With the recently proposed budget cuts to the Arts it is more important now than ever to support artistic creation and celebration. This means go out to your local museums and galleries!
Look, listen, can you feel it in the air? Spring is the season. It’s a time of renewal, of rejuvenation. Let us put that energy into finding ourselves through art!
- Visit one of the over seventy-five different Art Galleries and Museums in Boston.
- Walk the streets and enjoy Boston’s impressive collection of Public Art. Use the Public Art interactive map, if you would like to make a day of it.
- Walk Boston’s Rose Kennedy Greenway and experience their beautiful Public Art Collection in a natural getaway from the stress and noise of the city.
Art has been around for as long as our collective consciousness can remember. We have learned so much about our own history by studying the earliest forms of art that our ancestors made. By making art, they were able to take their subjective experiences of the world and translate them into the objective world.
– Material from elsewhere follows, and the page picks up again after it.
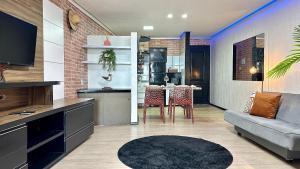 a kitchen and living room with a couch and a table at (308) Seaside - Sea View in São Luís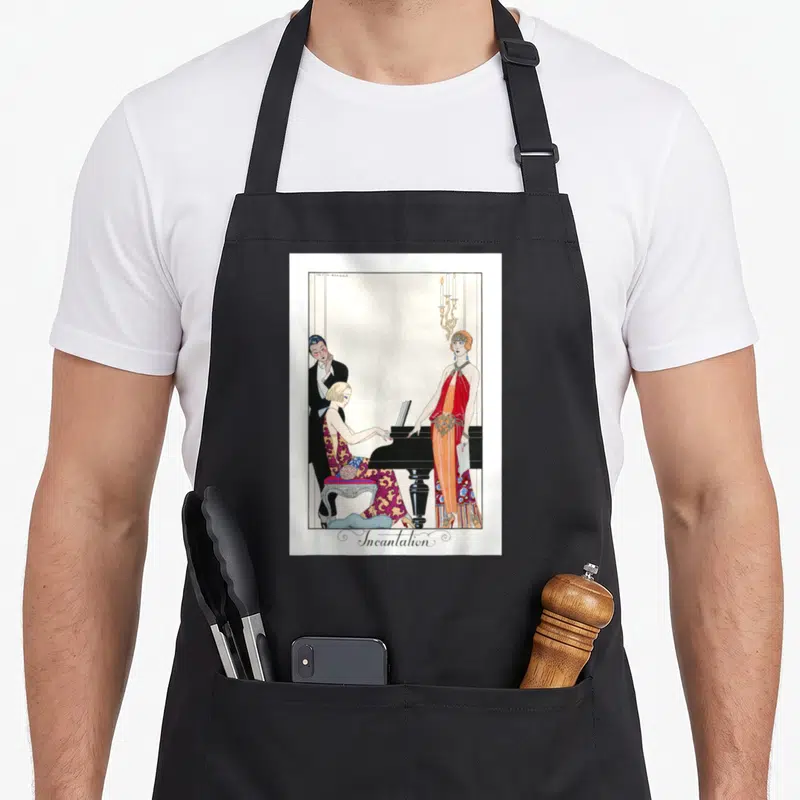 Tablier de cuisine noir avec illustration Art Déco représentant trois personnages autour d'un piano et le mot Incantation en bas.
Through this process, they were able to gain more and more sentience over time. They learned how to analyze and perceive symbols and how to create formidable experiences and tangible realities. They were actively creating experiences that they could share, and realities that they could affirm. Through art, we can connect with other people and we can create a physical manifestation of our relationship to the world.
The Museum of Fine Arts has a collection called Art of the Ancient World, which holds pieces from 6500 BC to 600 AD. This is a great place to start if you are new to viewing art. Here, you can observe thousands of years of art history, just by walking from room to room. It is important to know where art comes from. By putting it into a historical context we can see how much we depend on it and how we always have.
The MFA gives gallery tours, classes, and lectures that are open to the public. Visiting the museum is free on Wednesdays, however donations are much appreciated.
Today art is fresh. Art is new, it’s exciting. It’s passionate, it is all the things that it always has been, but so much more. We have created a symbiotic relationship with art and we grow with art together in parallel.
However, we have been taking art for granted recently. We have failed to maintain an broader understanding of why art is necessary. In fact, it is more necessary now than it has ever been. Now, there is a danger of losing touch with and losing our grip on both our shared cultural identities and our individual identities, as we lose our rights to free speech and expression, and our rights to peacefully assemble and come up with new and terrific ideas.
In difficult times we must not let art die. We cannot be afraid to keep creating, we must create more. We must think more, and experience more. We need to interact with each other, and go out and see the world together. We can never forget who we are or where we came from, that we are all just children in a sandbox after all.